Under those terms we reserve the right to charge customers making modem use of their iPhone or disconnect them. If customers wish to use the Internet Tethering feature on their iPhone 3G or iPhone 3G S, we recommend taking the Bolt On which is available from Friday 19 June.
I’m not 100% sure how they would manage to distinguish regular iPhone data usage and that which has come via a tethered connection, but I’m sure over time we will find out when somebody tries to download a BluRay movie rip and gets screwed over it.
My iPhone was jailbroken before 3.0, and I had a tether app which I used to use in the car and on the train to check my email and general light browsing around the web. I never really abused the fact that I could do it by downloading massive files this way. Nothing really would have peaked for them in my data usage. I did ‘however’ maybe abuse the fact that I had changed some settings so I wasn’t limited to downloading 10MB files at a maximum from the App store. I have an ‘unlimited’ data allowance after all so I never really saw it as a problem.

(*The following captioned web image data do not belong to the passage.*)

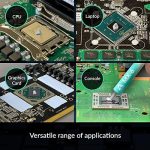 Arctic 4g inkl 6-MX Cleaner  - Ultimate Performance Thermal Paste - Image 7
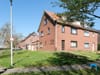 Photo 2 de 16 – Maison à GENK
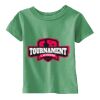 Infant Cotton Jersey Tee Thumbnail
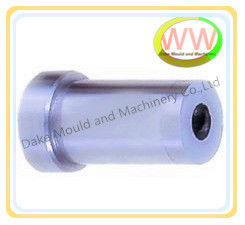 precision grinding, turning,HWS,1.2379,SKD11,D2,M2,HSS DIE with competitive price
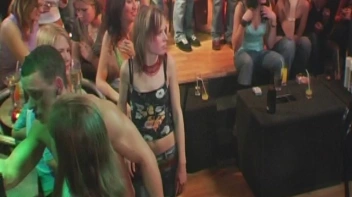 Party Hardcore Vol. 83 Part 2 - Cam 3 Screencap 20 on sinx.preview.netperv.com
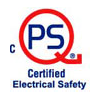 QPS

How is me downloading some games over the air different to me sitting watching YouTube videos all day, and what is someone with a tethered connection really going to be doing with it that O2 seem to think is going to massively increase data usage across their network? You’re still limited to the same speed you can get on your iPhone right?
O2’s tether prices are still far too high if you do want to take the legal route, but Ofcom wants to hear from you, and if enough people complain they will be forced to do something about it. Read about it on bitterwallet and make that call if you’re in the UK.
Quick note. Adding the tether hack seems to change your data settings to ‘wap.o2.co.uk’ instead of ‘idata.o2.co.uk’. Maybe they can hunt you out this way?
I don’t know what this is like on other supported networks, but be warned.